In Merrillville, Indiana, 600 people showed up to the Hidden Lake Country Park on Sunday for their own Walk to End Alzheimer’s. A number of those in attendance at this event and others around the country walk to spread the news about patient and caregiver support available through the Alzheimer’s Association.
The disease is a tough source of suffering, not only for the person with Alzheimer’s, but to those around them too. Initially, people suffering from the disease cannot remembers the little details, and as the disease progresses, leading to a point where they will find they are not able to function in a normal way, and eventually can no longer care for themselves. Friends, family, caregivers are no longer recognized, and in rare moments of clarity, will have brief time where the disease is not caused memory loss or issues before it returns causing the patient to be a shell of who they were.
In the case of a patient with the disease, they may not remember an individual close to them and become frustrated, confused or slide into a state of isolation, When the patient is gone, it is a loss for the caregiver, who is no longer needed. This is especially tough for family members who have taken on the role and end up feeling forgotten or lost. One moment they are a caregiver, the next moment they are no longer the caregiver. Giving family members time off from the care of their Alzheimer’s patient is important to their own health and well being.
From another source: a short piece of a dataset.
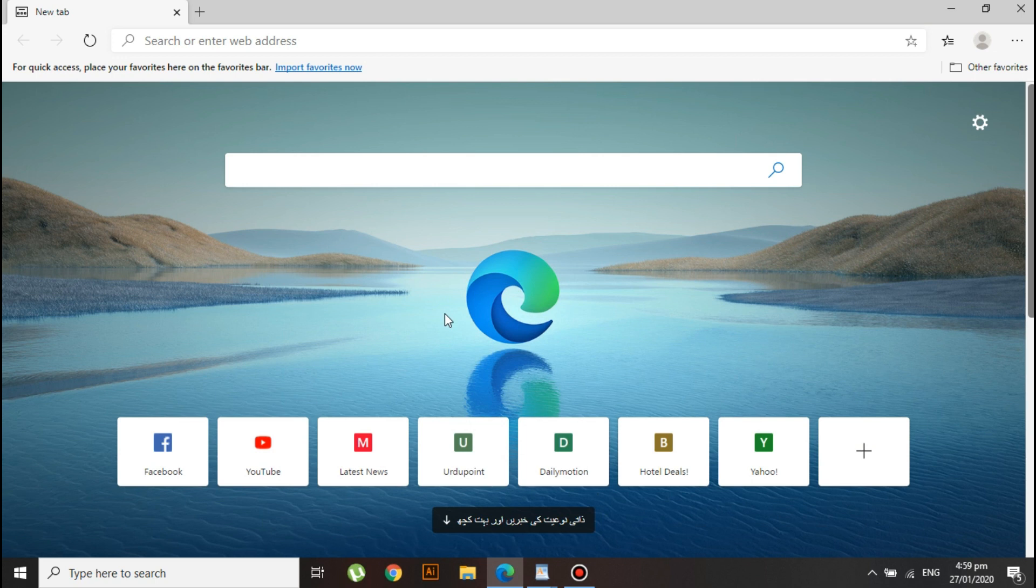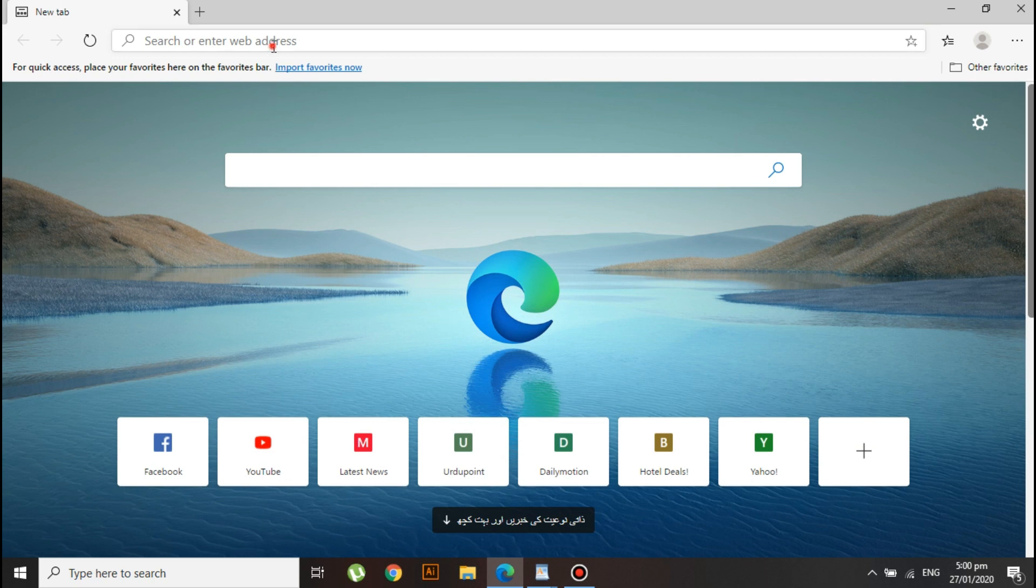It includes a dark theme and you can also add Google Chrome extensions to it. Most importantly, you can transfer all of your data to it directly from Chrome. Many people are claiming that it's much better than Google Chrome.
It is not uncommon for a caregiver to give up their lives and jobs to helping a relative with the disease and returning to a normal life can be difficult.
It can be normal when caring for a family member or friend with the disease for them not to feel that they cannot leave the patient alone, even for just a few moments without something dangerous or deadly happening. However, these numerous walks around the nation hope to offer more for than just shedding a light on the disease and assist those who help those with Alzheimer’s.
In the United States, there are over 5 million people who are living with Alzheimer’s. Every 67 seconds another person develops the disease. One in three seniors in America will die with a form of dementia, including Alzheimer’s. Not knowing where they are or who is with them or who they are themselves is the horror of the disease.
While fundraisers that raise money and awareness for diseases like ALS, various cancers and other medical issues that are life changing or life threatening are important, people should never forget about dementia and join in with one of the many local Walk to End Alzheimer’s events. Contacting the Alzheimer’s Association is a very good source of information for family and friends of patients with the disease or a form of it.